EXERCISE PROMPT: Reproduce the lines from the one holding "Perceel TBG01-O-6145" to the end of the entries. Include both ends and change nothing.

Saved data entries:
•••

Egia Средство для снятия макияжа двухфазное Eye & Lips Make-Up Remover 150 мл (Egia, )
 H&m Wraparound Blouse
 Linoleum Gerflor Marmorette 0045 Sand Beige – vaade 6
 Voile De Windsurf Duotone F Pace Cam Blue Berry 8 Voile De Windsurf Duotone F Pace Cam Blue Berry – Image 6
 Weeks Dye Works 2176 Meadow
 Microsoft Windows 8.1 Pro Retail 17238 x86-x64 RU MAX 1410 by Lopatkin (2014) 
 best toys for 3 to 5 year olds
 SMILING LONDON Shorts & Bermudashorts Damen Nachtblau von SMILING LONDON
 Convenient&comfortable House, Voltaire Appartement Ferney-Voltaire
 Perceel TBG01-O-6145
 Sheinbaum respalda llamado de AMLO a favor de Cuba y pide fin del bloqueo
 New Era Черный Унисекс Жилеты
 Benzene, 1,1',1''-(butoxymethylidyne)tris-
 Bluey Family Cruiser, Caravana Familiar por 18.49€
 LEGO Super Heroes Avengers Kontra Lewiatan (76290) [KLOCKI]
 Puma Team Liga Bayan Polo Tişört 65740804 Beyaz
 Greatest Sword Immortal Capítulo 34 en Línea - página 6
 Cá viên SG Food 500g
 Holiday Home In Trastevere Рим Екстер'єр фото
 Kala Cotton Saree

•••

RESPONSE AREA:
 Perceel TBG01-O-6145
 Sheinbaum respalda llamado de AMLO a favor de Cuba y pide fin del bloqueo
 New Era Черный Унисекс Жилеты
 Benzene, 1,1',1''-(butoxymethylidyne)tris-
 Bluey Family Cruiser, Caravana Familiar por 18.49€
 LEGO Super Heroes Avengers Kontra Lewiatan (76290) [KLOCKI]
 Puma Team Liga Bayan Polo Tişört 65740804 Beyaz
 Greatest Sword Immortal Capítulo 34 en Línea - página 6
 Cá viên SG Food 500g
 Holiday Home In Trastevere Рим Екстер'єр фото
 Kala Cotton Saree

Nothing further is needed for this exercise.